# Taylor expansion of an electrostatics problem

1. Jan 30, 2013

### mmpstudent

1. The problem statement, all variables and given/known data

The problem has six charges that are at the corners of a regular hexagon in the xy plane, each charge a distance a from the origin. I have already solved for the electric fields in the x and y direction and now am trying to apply an approximation for the field on the x axis at where x>>a. the field along the x axis is

$E_{x}= \displaystyle\sum_{n=1}^{6} \frac{x-acos\frac{k\pi}{3}}{[x^{2}-2axcos\frac{k\pi}{3}+a^{2}]^{3/2}}$

I am supposed to use a power series in the small quantity a/x using the method of taylor series to get to

$E_{x}= \frac{1}{4\pi\epsilon_{0}}[{\frac{6q}{x^{2}}+\frac{9qa^{2}}{2x^{4}}}]$

I haven't done this level math in a long time and I am sure that it is not too difficult, but I don't know what it means in the small quantity a/x. Do I just set x>>a in the efield equation and go about my business, if so, I don't understand where the a^2 term comes from in the numerator.

Last edited: Jan 30, 2013
2. Jan 30, 2013

### cepheid

Staff Emeritus
You need to use [noparse] [ tex ] [ /tex ] or [ itex ] [ /itex ] [/noparse] (without the spaces). In other words, your slashes were oriented the wrong way in your closing tags. I fixed them for you. Note that you can also surround your LaTeX code with double dollar signs or double pound signs on either side as shorthand for tex and itex tags respectively.

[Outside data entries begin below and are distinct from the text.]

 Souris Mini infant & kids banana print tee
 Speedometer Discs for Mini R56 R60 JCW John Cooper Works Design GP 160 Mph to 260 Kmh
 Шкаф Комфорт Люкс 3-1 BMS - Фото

Taylor series expansion: let's say you have some function f(u) of some independent variable u. The Taylor series expansion of the function around some point "b" is given by $$f(u) = \sum_{n=0}^\infty \frac{1}{n!} \left[ \frac{d^n}{du^n}f(u)\right]_{u=b} (u - b)^n$$ $$= f(b) +\left. \frac{df}{du}\right|_{u = b} (u - b) + \frac{1}{2}\left. \frac{d^2f}{du^2}\right|_{u=b}(u - b)^2 +~\textrm{H.O.T.}$$ where H.O.T. means "higher order terms." If you think about it, if you truncate the infinite series after n terms, then this amounts to finding a (n-1)th -order polynomial approximation to the function. This approximation is exactly correct at the point u = b, but it begins to diverge away from it as u moves away from b.

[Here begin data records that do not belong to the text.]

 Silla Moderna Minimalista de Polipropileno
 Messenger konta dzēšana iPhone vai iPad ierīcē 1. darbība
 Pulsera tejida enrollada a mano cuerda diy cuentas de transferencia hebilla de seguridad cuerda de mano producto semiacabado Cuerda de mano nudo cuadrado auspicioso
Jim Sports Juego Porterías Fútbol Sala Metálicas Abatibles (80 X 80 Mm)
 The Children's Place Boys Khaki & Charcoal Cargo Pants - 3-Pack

In this case, your independent variable is u = a/x, and you're taking the Taylor series expansion around the point b = 0. So it's okay to neglect higher order terms, and still have a pretty accurate approximation, as long as a/x is very close to 0. (u is very close to b). That is the situation you have in this problem.

Last edited: Jan 30, 2013
3. Jan 30, 2013

### mmpstudent

Okay, so my thinking was not too far off. Now I just need to get to work. Thanks for the clarification on both the tex and the problem.